Directions: Only the pictures are to be dropped, and the rest of the data should be copied exactly.

Dataset:
——————————

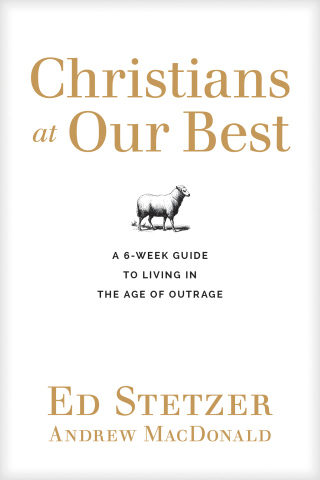 Christians at Our Best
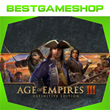 ✅ Age of Empires III Definitive Edition Warranty 👍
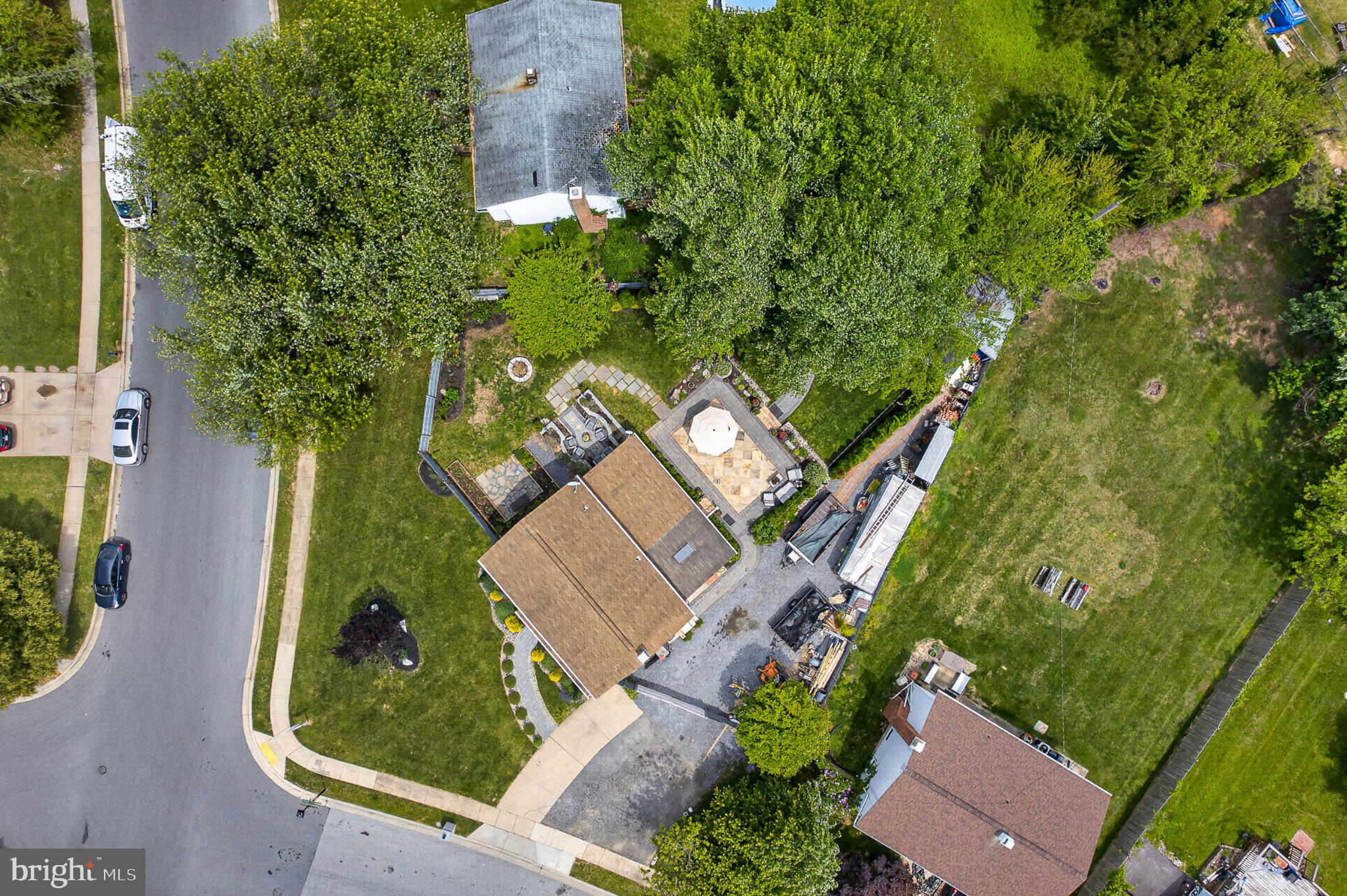 FOX RIDGE - Residential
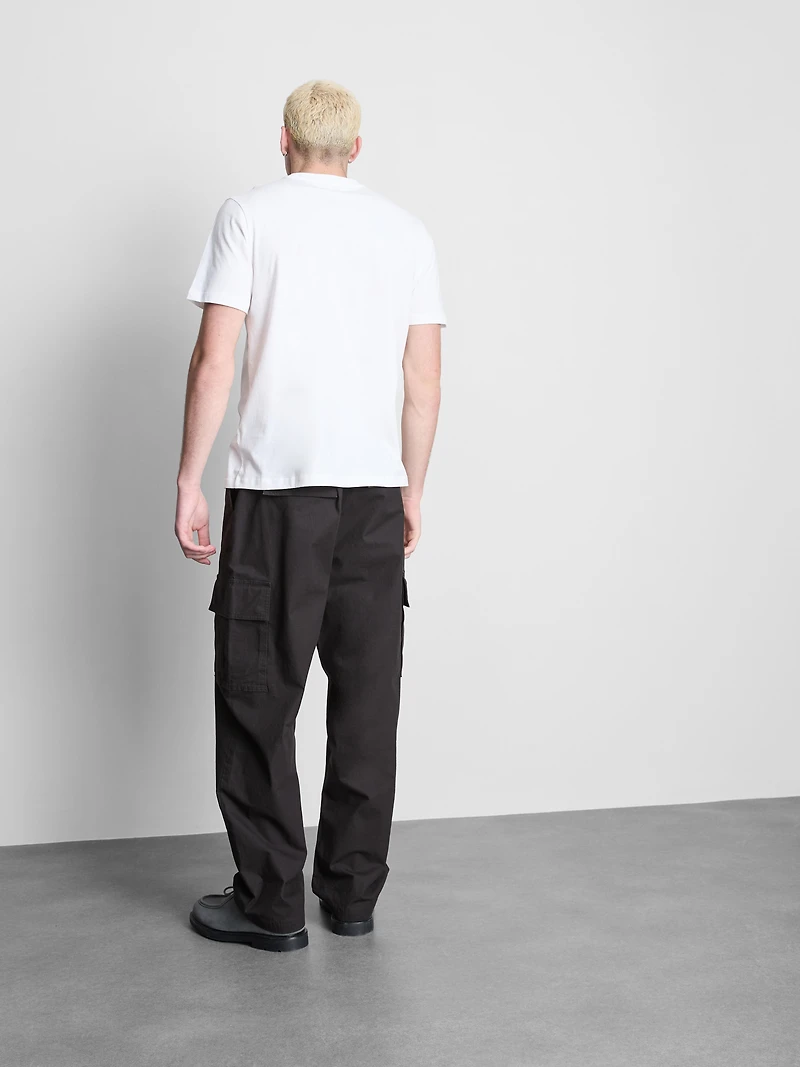 Short-Sleeve Miami T-Shirt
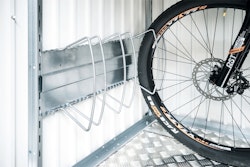 Biohort Fahrradständer bikeHolder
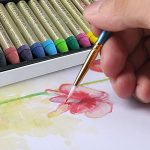 HA-SHI-Water-Soluble-Oil-Pastels-For-ArtistsWatercolor-CrayonsPremium-Quality-Art-Supplies-for-Kids-Adults-Blendabl-B0D3P6R2F6-4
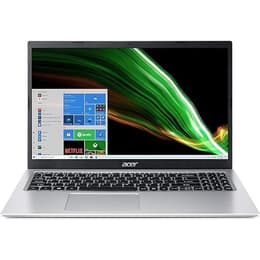 Acer Aspire 3 N20C5 A315-58-7122 15" (2023) - Core i7-1165G7 - 16GB - SSD 512 GB AZERTY - Γαλλικό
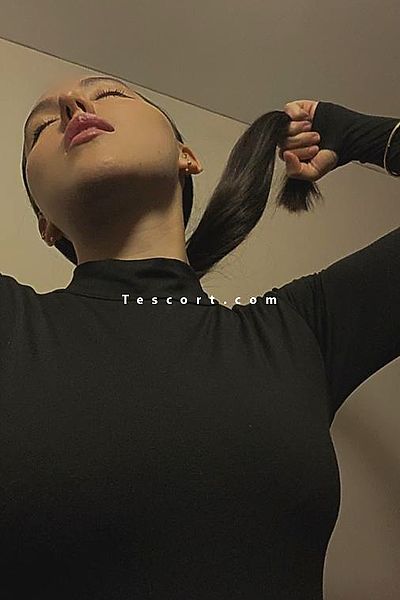Alejandriaa - Escort Girl Lyon #2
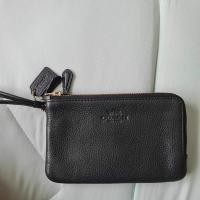 ราคา (Use) คล้องมือ coach แท้ สองซิป s (21194401604)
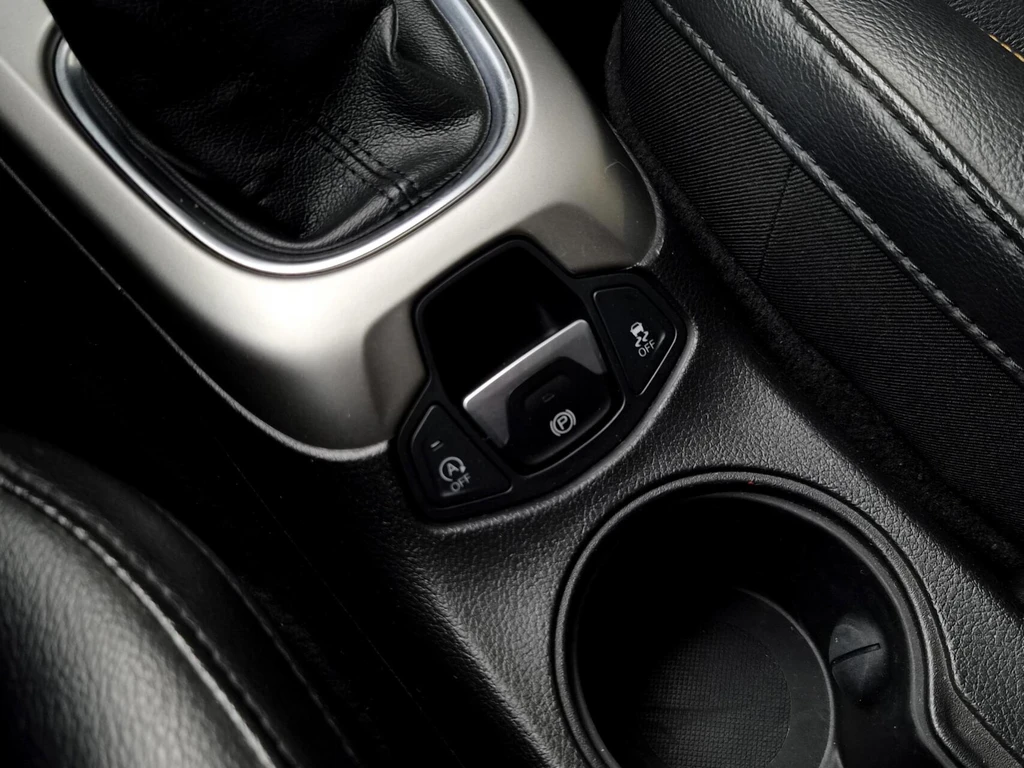 Jeep Compass – foto 33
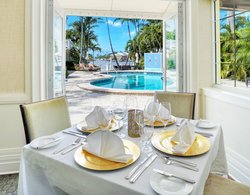  - Pillars at New River Sound Hotel Fort Lauderdale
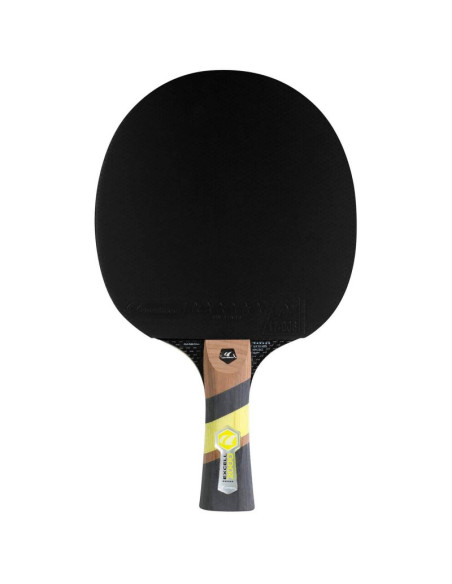Rakietka do tenisa stołowego excell carbon 2000 cornilleau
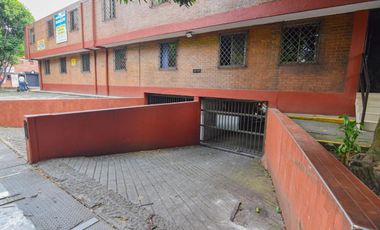 venta Edificio con Apartaestudios en cali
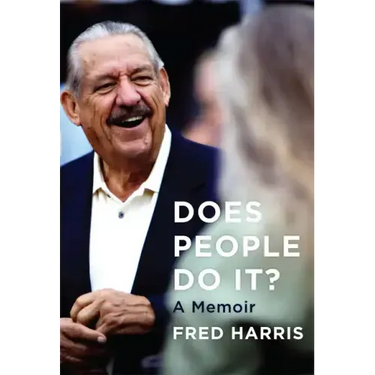 Does People Do It?: A Memoir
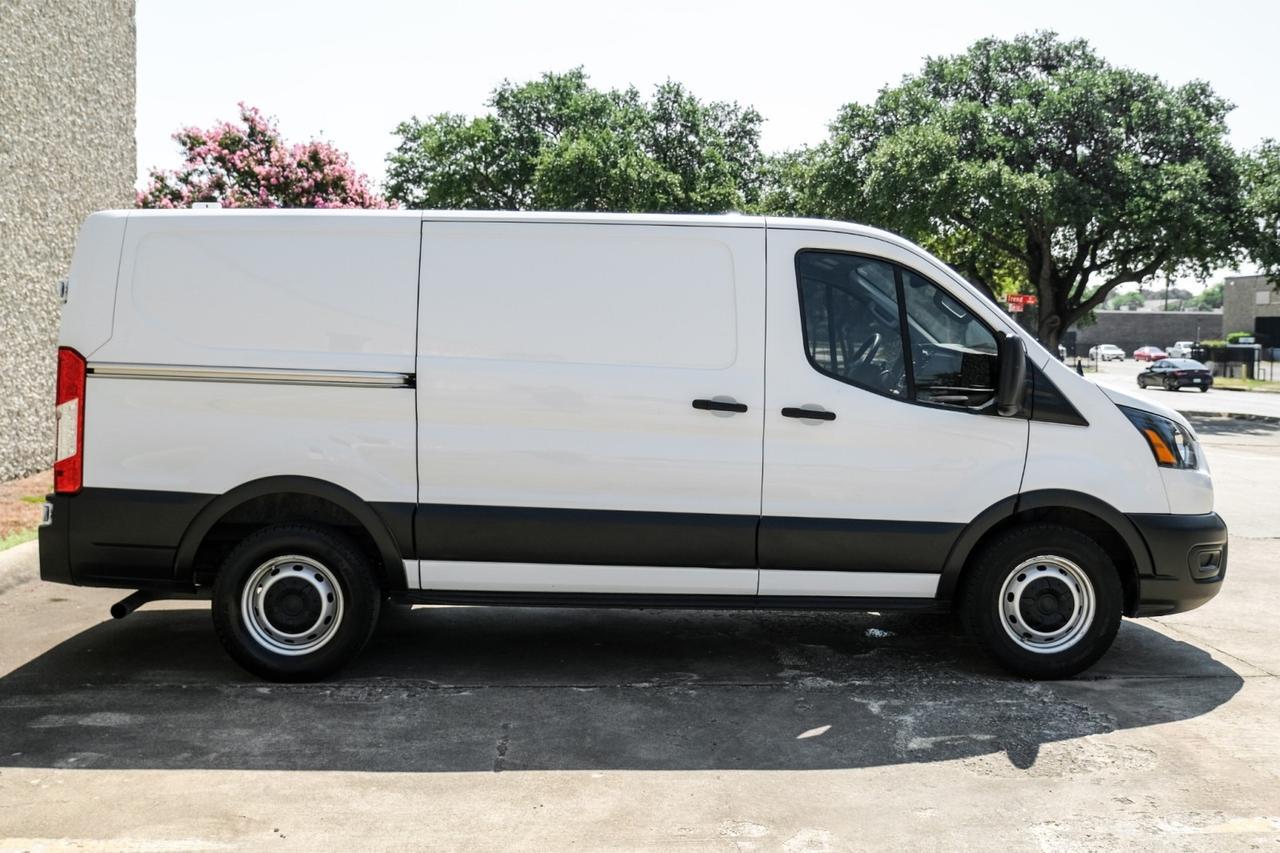 2020 Ford Transit Cargo Van Farmers Branch TX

——————————

Your solution:
 Christians at Our Best
 ✅ Age of Empires III Definitive Edition Warranty 👍
 FOX RIDGE - Residential
 Short-Sleeve Miami T-Shirt
 Biohort Fahrradständer bikeHolder
 HA-SHI-Water-Soluble-Oil-Pastels-For-ArtistsWatercolor-CrayonsPremium-Quality-Art-Supplies-for-Kids-Adults-Blendabl-B0D3P6R2F6-4
 Acer Aspire 3 N20C5 A315-58-7122 15" (2023) - Core i7-1165G7 - 16GB - SSD 512 GB AZERTY - Γαλλικό
Alejandriaa - Escort Girl Lyon #2
 ราคา (Use) คล้องมือ coach แท้ สองซิป s (21194401604)
 Jeep Compass – foto 33
  - Pillars at New River Sound Hotel Fort Lauderdale
Rakietka do tenisa stołowego excell carbon 2000 cornilleau
 venta Edificio con Apartaestudios en cali
 Does People Do It?: A Memoir
 2020 Ford Transit Cargo Van Farmers Branch TX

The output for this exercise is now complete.